The first Elliott wave in the five-wave pattern is usually the least noticeable. It represents the initial move of the stock or of the commodity upwards. This wave is often caused by just a limited number of people who, for one reason or another, decide to invest or buy forex. Their actions eventually cause the prices to rise.

The second wave of the five-wave pattern obviously follows the first one, and is usually caused by people selling off stock or currencies, or otherwise reconsidering the decision they made during the time of the first wave. This spate of selling causes prices to decline once more. However, since not everybody sells off the shares or the currencies that they purchased, the price doesn't reach as low a point as when it started out.

The third wave is oftentimes the largest and most dominant of all five, and it goes hand in hand with Elliott's beliefs on people and the natural herding instinct, even when investing. The third wave represents the time when the public or the mass market hears about the stock, currency or commodity and suddenly takes interest. This is usually influenced by the initial interest shown by the investors of the first wave. A lot of buying and selling activity happens during the third wave, and the price nearly always reaches a peak that surpasses that of the first wave.

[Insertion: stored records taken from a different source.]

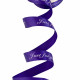 Лента текстильная "Just for you" 25ммх50м.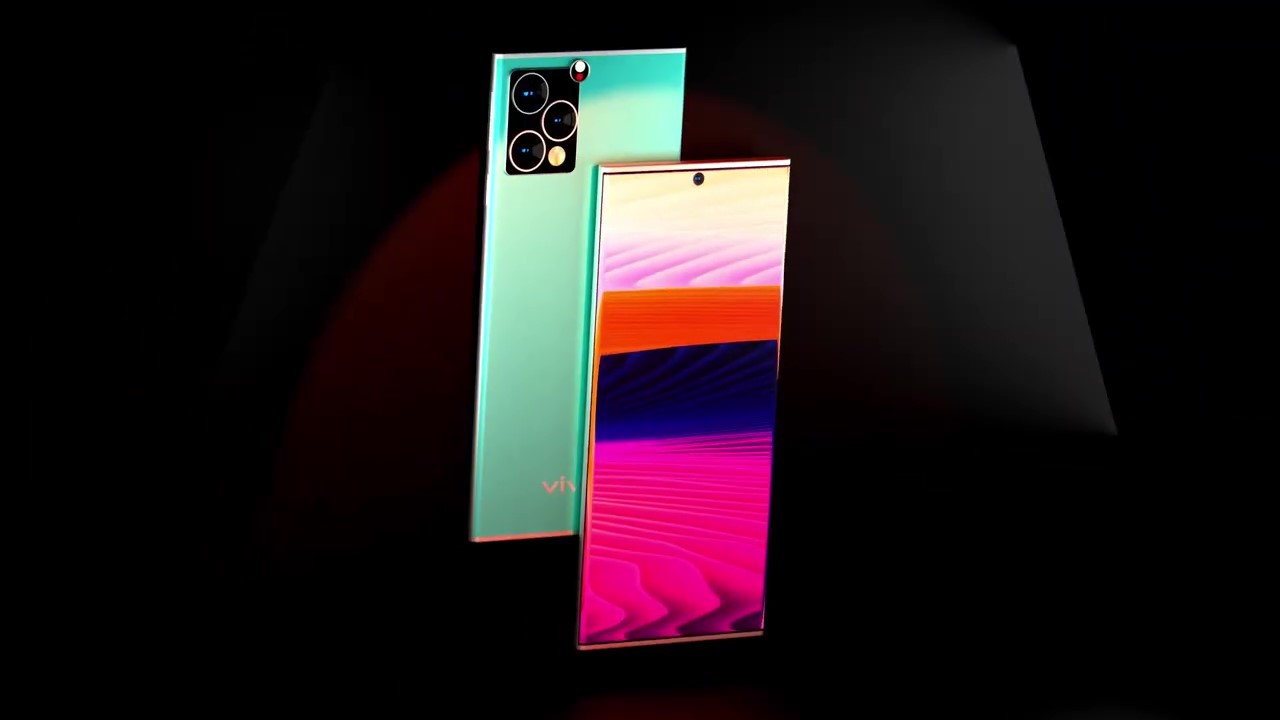 Vivo X110 sẽ sử dụng con chip Snapdragon 8+ Gen 1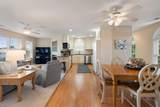 71 Fairway Dunes Lane - Photo 7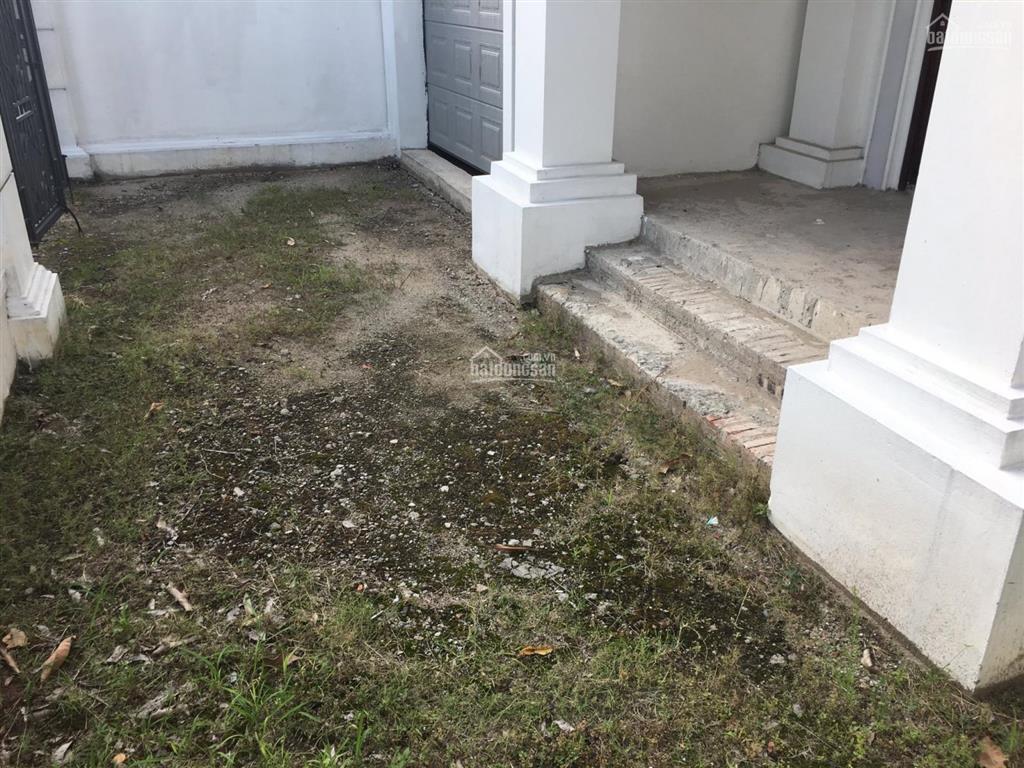 48tỷ bt nguyệt quế 180m2 bên khu hồ lớn harmony, xây thô, sát nhà hàng nổi clubhouse, gần vinschool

The fourth wave shows a brief dip in the prices of the stocks, currency or commodity. This is caused by the choice of some individuals to sell while the price is at a high point and thus make a profit. This wave is, as has been mentioned, very short.

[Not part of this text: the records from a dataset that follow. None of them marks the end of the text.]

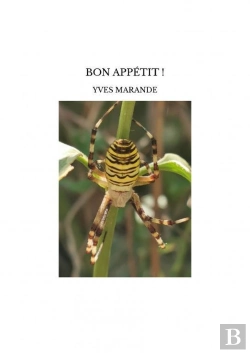 Bertrand.pt - Bon Appétit !
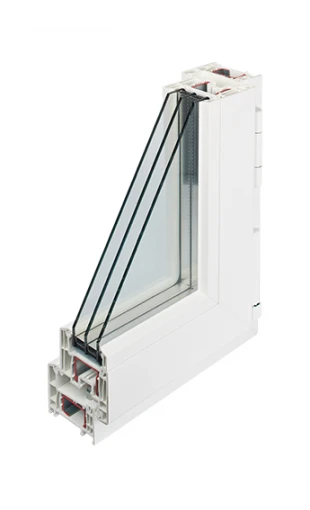 REHAU Delight Design - 3 REHAU Delight Design - фото - 3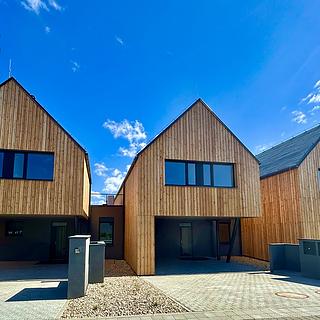 Prodej rodinného domu 179 m² Mladá Boleslav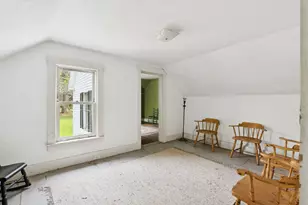 105 Hillside Rd, Brunswick, ME 04011 - Photo 36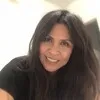Sheila Gonzaga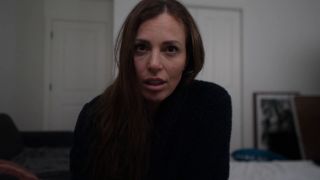 yogabella step-Mom's Nightly Masturbation-3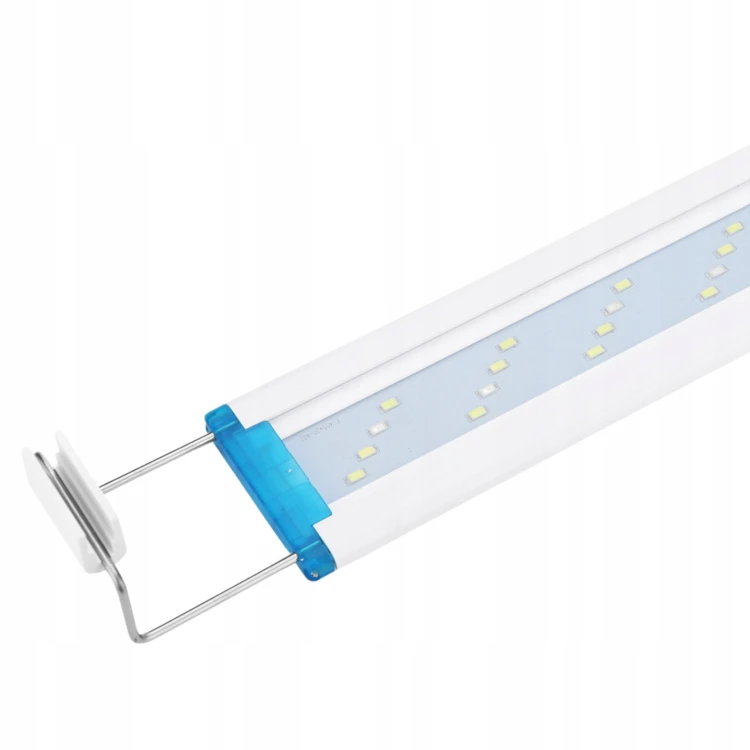 product_4122_6a04330dc1dca.jpg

The fifth wave, like the third wave, goes hand in hand with Elliott's idea of the herding instinct in investing. The news and the public views about the stock, currency or commodity are already widespread and almost completely positive by this point. The buying activity in this wave is mostly fueled by hype, and this is the time when many average investors decide to join the bandwagon. This wave usually contains the highest point of the price of the stock, commodity or currency.

Elliott's idea hasn't been universally accepted to this day and many still refute it. The concept is, nonetheless, based on reasonable premises and has been proven to apply to many cases.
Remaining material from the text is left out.